There is a standard format for an SPDX document but there are many different tools, both open source and commercial, which can work with them and automate routine steps in the license compliance process. Depending on the level of analysis that goes into the SPDX document (and thus the content it was created from) there may be some manual steps as well, i.e. annotating the SPDX document with reviewer comments, etc.
SPDX Documents are composed of one or more sections. Some of these sections are required, while others are optional. Version 2.1 of the SPDX Specification list the following sections:
- Document Creation Information: Denotes who created the document, how it was created and other useful information related to its creation.
- Package Information: This section provides information about the “package.” A package can be one or more files. These files could be one or more files of any type including but not limited to source, documents, binaries, and so forth. The package information contains the originator, where it was sourced from, a download URL, a checksum and so forth. It also contains summary licensing for the package.
- File Information: This is information about a specific file. It can contain the file copyrights found in the file (if any), the license of the file, a checksum for the file (to make sure the file hasn’t changed), file contributors and so forth.

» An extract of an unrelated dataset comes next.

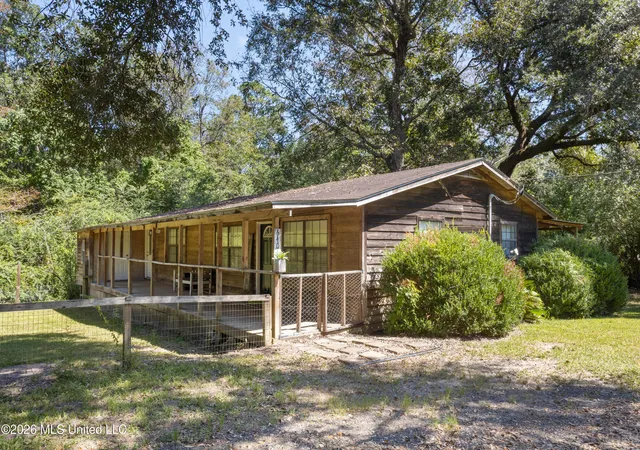 Photo 3 of Sale Pending at 6404 Waltman Rd, Vancleave, MS 39565 | MLS# 4164108 | Listing updated on 2026-10-08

- Snippet Information: Snippet information can be used to define different licensing of specific bytes or lines within files under a different license. This would cover a scenario such as the following: Someone copies in code from a GPL-2.0 file into an Apache-2.0 licensed file.
- Other Licensing Information: Other licensing information provides a way to describe licenses that are not on the SPDX License List. You can create a local (to the SPDX document) identifier for the license and place the license text itself in the document as a well and then reference it for files just like you would a license from the license list.
- Relationships: Relationships were introduced in the 2.0 specification and are a very powerful way of expressing how SPDX documents relate to one another. For instance, a binary file was GENERATED\_FROM a source package.
- Annotations: Annotations are comments made by people on various entities and elements within the document. For example, someone reviewing the document may make an annotation about a specific file and its license. Annotations are useful for reviews of SPDX documents and for conveying specific information about the package, file, creation, license, file(s), etc.
Who is SPDX for?
SPDX is not restricted to individuals or organizations, it caters to both. The organization is encouraging open source developers to adopt using its License Identifiers. The Das U-Boot project has been an early adopter of this approach.
There is a very clear benefit of it even for lone wolf developers. If people can unambiguously determine the license of a file, compliance (and thus following their wishes) become less error prone and more reliable. While looking through four or five files is no one’s idea of a “big deal,” try looking through 10,000 of them when you are trying to actually build something.
There are many big companies that work with SPDX, including ARM, Qualcomm, Samsung, Siemens, TI, WindRiver, and others. Different companies use SPDX differently. Some use just the license identifiers. some use the structure of information for their own programs, some use the material to create documents.
Keep in mind, however, that using SPDX doesn’t mean it offers complete protection from any violation. SPDX is just meant to summarize and report the facts about licensing in a package. The project makes no judgment on whether something is a violation or not.